2) Stephen says that God told Moses I am the God of your fathers; the MT reading is "father" while the Samaritan reading is "fathers".

3) Stephen in Acts 7:37 mentions a future prophet like Moses based on the Samaritan Book of Exodus as the history recited of Abraham through Moses depends on Genesis and Exodus; the MT lacks this statement in Exodus (but does have it in Deut 18:15).

4) Stephen mentions the city of Shechem which is the Samaritan counterpart of Jerusalem.

5) Stephens says that Abraham's seed shall "worship me in this place". The word "place" is standard Samaritan terminology; see John 4:20 and Acts 6:14. The Jewish cultic term is “house”.

6) Solomon's temple was not only in the wrong "place", it was of human hands. According to the Samaritans, the tabernacle of Gerizim was not made by human hands.

7) Stephen says that the Law was given by an angel on Sinai.

8) The Samaritans called themselves Hebrews from the third century BCE as confirmed by Josephus [Ant. XI viii 6] but in the first century Jews did not call themselves Hebrews.
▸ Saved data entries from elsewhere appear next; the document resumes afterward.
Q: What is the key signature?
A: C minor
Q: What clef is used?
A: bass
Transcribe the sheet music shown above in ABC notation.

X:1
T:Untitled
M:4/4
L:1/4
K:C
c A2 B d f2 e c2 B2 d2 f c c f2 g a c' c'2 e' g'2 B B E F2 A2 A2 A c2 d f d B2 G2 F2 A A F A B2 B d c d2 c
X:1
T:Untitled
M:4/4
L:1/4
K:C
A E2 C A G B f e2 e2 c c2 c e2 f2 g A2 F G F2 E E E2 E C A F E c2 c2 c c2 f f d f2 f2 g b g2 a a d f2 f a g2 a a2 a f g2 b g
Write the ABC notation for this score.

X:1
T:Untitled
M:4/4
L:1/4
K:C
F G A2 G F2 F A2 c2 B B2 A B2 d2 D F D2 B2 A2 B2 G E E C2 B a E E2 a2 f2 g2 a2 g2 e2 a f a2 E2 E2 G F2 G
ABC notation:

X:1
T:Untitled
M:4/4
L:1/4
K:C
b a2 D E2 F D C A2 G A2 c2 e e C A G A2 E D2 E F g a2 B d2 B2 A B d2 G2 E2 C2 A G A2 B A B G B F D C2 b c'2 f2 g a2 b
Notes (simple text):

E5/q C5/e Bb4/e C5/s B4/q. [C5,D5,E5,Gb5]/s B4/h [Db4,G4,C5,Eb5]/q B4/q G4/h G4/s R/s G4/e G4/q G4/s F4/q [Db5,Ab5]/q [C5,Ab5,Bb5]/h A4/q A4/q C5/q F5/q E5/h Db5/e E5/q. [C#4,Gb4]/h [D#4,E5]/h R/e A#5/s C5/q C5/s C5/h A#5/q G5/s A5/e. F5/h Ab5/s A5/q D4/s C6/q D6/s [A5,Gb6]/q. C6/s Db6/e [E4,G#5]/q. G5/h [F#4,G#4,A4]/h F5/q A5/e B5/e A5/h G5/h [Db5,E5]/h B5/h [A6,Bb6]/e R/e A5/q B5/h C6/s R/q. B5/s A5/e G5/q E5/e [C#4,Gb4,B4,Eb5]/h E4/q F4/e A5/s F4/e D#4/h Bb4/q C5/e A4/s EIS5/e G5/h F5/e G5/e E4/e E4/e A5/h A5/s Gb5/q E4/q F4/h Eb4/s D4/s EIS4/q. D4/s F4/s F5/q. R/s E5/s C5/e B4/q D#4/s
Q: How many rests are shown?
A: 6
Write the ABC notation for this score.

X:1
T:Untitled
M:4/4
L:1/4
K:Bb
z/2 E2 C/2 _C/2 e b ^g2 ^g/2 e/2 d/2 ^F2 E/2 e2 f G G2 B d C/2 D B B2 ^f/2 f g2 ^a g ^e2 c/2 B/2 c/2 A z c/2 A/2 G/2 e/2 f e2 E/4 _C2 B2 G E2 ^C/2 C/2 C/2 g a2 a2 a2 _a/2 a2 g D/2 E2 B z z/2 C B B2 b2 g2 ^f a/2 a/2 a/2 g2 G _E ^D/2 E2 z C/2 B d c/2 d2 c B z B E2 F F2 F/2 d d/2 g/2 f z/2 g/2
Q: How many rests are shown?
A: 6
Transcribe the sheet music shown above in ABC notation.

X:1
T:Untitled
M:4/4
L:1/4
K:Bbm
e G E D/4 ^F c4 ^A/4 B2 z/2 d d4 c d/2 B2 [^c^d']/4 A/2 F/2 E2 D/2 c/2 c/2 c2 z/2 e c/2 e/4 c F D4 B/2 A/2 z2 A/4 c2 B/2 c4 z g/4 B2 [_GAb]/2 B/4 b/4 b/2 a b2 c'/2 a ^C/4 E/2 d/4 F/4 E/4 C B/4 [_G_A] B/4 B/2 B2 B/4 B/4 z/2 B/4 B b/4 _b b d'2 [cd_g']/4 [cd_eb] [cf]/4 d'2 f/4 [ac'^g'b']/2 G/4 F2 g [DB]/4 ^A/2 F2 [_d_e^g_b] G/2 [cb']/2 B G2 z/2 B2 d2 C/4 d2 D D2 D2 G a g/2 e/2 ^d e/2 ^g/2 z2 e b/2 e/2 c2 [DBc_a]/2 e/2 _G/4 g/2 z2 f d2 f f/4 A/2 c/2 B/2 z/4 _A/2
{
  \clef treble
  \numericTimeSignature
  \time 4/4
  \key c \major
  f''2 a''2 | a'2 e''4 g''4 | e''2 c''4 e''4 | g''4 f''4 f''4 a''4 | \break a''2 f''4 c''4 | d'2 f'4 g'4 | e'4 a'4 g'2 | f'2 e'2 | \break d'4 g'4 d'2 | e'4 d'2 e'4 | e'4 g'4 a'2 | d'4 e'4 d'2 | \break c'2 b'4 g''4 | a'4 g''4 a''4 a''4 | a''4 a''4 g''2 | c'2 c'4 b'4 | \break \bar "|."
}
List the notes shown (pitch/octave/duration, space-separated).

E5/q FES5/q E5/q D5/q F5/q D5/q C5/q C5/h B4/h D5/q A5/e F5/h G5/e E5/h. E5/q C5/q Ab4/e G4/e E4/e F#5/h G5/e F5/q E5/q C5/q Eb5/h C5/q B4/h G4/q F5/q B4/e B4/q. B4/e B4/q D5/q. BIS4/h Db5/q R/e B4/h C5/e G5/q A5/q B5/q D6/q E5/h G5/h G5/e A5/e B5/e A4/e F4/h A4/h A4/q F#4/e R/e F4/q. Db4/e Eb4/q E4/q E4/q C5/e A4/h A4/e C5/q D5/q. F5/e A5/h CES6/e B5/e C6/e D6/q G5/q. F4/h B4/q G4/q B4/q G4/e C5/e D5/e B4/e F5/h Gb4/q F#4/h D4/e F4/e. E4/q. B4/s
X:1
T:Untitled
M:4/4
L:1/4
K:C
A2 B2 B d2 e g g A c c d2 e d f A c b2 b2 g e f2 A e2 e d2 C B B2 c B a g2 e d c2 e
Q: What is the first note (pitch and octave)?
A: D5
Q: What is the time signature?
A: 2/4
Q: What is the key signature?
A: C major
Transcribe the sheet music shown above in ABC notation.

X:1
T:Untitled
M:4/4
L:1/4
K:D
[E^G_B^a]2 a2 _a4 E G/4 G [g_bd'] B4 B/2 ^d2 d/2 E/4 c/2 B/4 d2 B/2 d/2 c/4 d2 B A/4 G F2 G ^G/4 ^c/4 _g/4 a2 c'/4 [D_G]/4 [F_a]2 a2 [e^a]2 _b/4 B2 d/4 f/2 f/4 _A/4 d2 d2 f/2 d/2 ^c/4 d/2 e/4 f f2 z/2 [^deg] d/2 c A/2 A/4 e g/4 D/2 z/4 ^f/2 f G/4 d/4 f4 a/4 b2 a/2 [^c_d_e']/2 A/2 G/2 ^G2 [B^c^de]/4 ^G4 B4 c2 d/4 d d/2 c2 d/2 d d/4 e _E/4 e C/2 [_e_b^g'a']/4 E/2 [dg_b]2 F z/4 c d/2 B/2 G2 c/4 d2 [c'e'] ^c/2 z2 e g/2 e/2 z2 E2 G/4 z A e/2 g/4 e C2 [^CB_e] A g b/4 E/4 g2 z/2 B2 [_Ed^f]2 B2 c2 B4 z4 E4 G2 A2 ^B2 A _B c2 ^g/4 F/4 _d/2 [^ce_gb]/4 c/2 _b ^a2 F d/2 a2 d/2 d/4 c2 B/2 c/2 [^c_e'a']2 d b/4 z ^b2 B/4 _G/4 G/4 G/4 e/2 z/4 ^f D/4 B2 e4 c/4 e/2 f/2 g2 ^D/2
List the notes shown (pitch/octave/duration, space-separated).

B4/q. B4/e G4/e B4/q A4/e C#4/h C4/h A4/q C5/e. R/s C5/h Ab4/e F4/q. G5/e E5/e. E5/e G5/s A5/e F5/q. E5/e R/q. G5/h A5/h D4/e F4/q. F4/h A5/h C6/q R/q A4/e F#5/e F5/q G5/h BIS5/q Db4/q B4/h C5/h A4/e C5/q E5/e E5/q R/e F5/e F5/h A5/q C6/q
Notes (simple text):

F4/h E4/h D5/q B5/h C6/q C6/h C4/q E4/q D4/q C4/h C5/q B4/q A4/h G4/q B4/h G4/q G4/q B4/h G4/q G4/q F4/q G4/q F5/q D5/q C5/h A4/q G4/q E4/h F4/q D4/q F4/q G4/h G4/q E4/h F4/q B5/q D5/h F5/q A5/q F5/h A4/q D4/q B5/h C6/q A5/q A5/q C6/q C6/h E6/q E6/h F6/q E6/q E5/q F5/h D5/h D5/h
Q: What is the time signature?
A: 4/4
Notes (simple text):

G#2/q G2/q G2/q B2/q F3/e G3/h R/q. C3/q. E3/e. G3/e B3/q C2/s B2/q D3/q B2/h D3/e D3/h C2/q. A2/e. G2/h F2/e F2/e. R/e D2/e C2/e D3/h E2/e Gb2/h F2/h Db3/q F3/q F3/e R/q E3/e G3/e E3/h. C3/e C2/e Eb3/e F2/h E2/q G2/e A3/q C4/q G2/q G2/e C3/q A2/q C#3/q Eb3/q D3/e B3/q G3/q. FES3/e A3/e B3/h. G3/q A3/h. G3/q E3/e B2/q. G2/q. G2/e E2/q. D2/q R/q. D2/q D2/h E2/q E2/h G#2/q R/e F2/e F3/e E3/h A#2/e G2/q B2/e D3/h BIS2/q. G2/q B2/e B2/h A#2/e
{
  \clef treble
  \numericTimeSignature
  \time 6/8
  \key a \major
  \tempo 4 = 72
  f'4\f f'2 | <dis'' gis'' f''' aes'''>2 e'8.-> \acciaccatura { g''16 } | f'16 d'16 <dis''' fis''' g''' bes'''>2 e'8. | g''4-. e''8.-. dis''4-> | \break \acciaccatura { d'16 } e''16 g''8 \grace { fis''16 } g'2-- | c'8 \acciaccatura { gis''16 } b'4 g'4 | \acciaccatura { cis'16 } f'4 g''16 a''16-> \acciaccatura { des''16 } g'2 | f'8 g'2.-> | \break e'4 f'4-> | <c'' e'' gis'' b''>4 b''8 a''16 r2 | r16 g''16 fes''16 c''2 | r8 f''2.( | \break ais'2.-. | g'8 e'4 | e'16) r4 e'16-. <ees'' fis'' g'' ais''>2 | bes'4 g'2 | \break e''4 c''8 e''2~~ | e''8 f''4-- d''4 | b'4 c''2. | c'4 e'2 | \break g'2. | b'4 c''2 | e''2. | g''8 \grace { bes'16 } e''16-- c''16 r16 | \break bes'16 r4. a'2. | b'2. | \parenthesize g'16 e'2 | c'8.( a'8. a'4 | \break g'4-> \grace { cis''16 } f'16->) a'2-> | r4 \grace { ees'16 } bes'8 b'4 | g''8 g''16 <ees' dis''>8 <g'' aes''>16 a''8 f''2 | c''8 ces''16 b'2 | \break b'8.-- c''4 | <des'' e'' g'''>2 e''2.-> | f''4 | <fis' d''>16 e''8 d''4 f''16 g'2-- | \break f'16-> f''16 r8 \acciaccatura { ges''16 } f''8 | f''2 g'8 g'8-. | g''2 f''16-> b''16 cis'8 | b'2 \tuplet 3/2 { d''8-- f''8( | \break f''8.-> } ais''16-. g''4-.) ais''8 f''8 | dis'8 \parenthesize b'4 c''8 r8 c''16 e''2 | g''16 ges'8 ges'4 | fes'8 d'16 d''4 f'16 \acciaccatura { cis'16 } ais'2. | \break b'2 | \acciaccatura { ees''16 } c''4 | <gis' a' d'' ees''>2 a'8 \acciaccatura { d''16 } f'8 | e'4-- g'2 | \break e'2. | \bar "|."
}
Why does Stephen in verse 4 refer to Judea as “this country in which you are now living” when he lives in the same place? Soards in agreement with Haenchen considers it odd. Perhaps it is not a rhetorical device to create distance. Perhaps, because Stephen and his community have been excluded from the Temple, they do not consider themselves part of Judea! Perhaps Stephen is a Samaritan!

This is a work in progress. More work is needed on this. Why does the Gospel of Mark omit all references to the Samaritans? Why does this sermon include Samaritan material? Does this material support the influx of Samaritans into early Christianity? If the Hebrews are the Samaritans, who are the Hellenists?